The OCR feature by UPDF allows you to convert the scanned text of a PDF document into searchable and editable content. Data across images can also be edited after using this feature which makes the document interactive for users.
1. How to Download and Install OCR
As you open the respective document, navigate to the "Recognize Text Using OCR" button on the right.
If you are using this feature for the first time, you will have to download it as a plugin across UPDF. Continue with the process by clicking on the "Download" button across the pop-up window.
You will be automatically redirected to the next window, where the progress of the installation of the feature will be displayed. Let the feature install successfully across your Windows device before using it.
2. How to OCR PDFs
Once installed, close the window and navigate to the same button for accessing the OCR tool across UPDF. As it opens up, it will provide you with two different options of Document Type, which include "Searchable PDF" and "Image-only PDF."
- Searchable PDF: By selecting this option, it will convert scanned PDF documents into searchable and editable documents.
- Image-only PDF: By selecting this option, it will convert your searchable and editable documents into an image-based PDF document which is neither searchable nor editable.
2.1 Document Type: Searchable PDF
If you go for "Searchable PDF," it will convert your scanned PDF documents into editable and searchable documents.
To set this up, you must first decide on a proper "Layout" with the options available in the drop-down menu. You will get three different options in setting up the layout of the process:
- Text and pictures only: The recognized text and pictures will be saved across the PDF document that will be created. The file that is created is also of a smaller size, and its visual structure may differ from the original file.
- Text over the page image: This mode is responsible for retaining the background images and illustrations present across the source document across which the OCR is being performed.
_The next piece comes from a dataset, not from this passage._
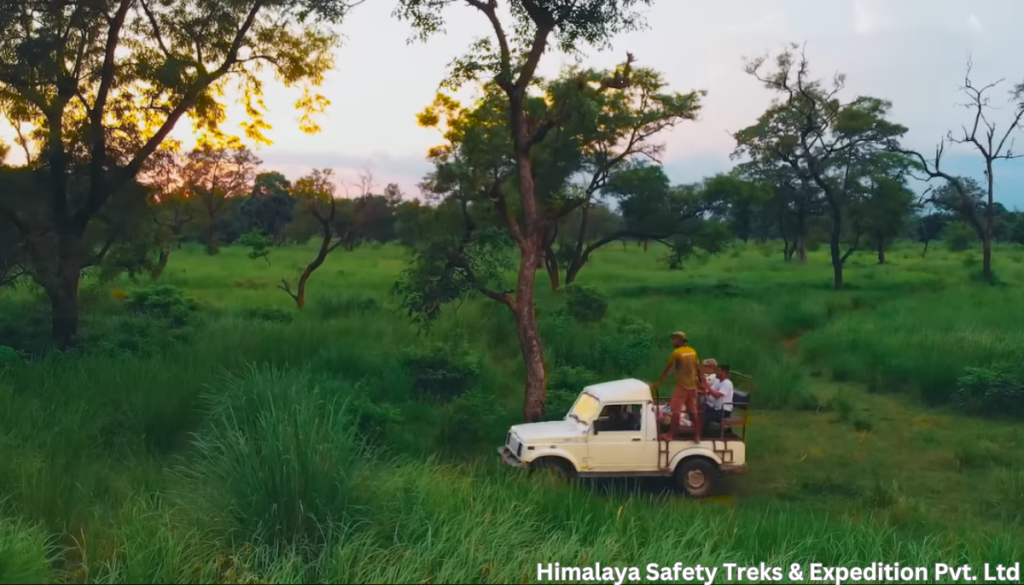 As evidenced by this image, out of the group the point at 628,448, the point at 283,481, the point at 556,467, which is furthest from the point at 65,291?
the point at 283,481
These files are larger; however, they may differ visually from the original ones.
- Text under the page image: For this mode, the PDF images are retained; however, the recognized text is placed under an invisible layer beneath the images. This file type is quite identical to the original PDF file.
Click on the "Gear" icon to access more Layout Settings that you can define for your file. Here you can specify if you wish to "Keep pictures," while determining the quality between "Low," "Balanced," or "High" to save a file with a smaller size than the original with commendable image and picture quality.
Document Language, Image Resolution, and Page Range:
Define a proper "Document Language" with the option of 38 different languages across the drop-down menu. This provides UPDF with a better ground for recognizing text accurately across the document.
You can also specify proper resolution settings for the images with the "Image Resolution" option. Work over the "Page Range" and click "Perform OCR" to execute OCR across the file with the defined settings.
2.2. Document Type: Image-only PDF
If you proceed with "Image-only PDF," it converts your searchable and editable documents into an image-based PDF document which is neither searchable nor editable.
- Set up the image quality under the "Keep Pictures" section by selecting any of the available options of "Low, Balanced, or High".
- Decide if you wish to compress your images using MRC.
- Provide a proper "Page Range" and click on "Perform OCR" to perform the actions on the document. Select the folder and you will get a scanned PDF document immediately.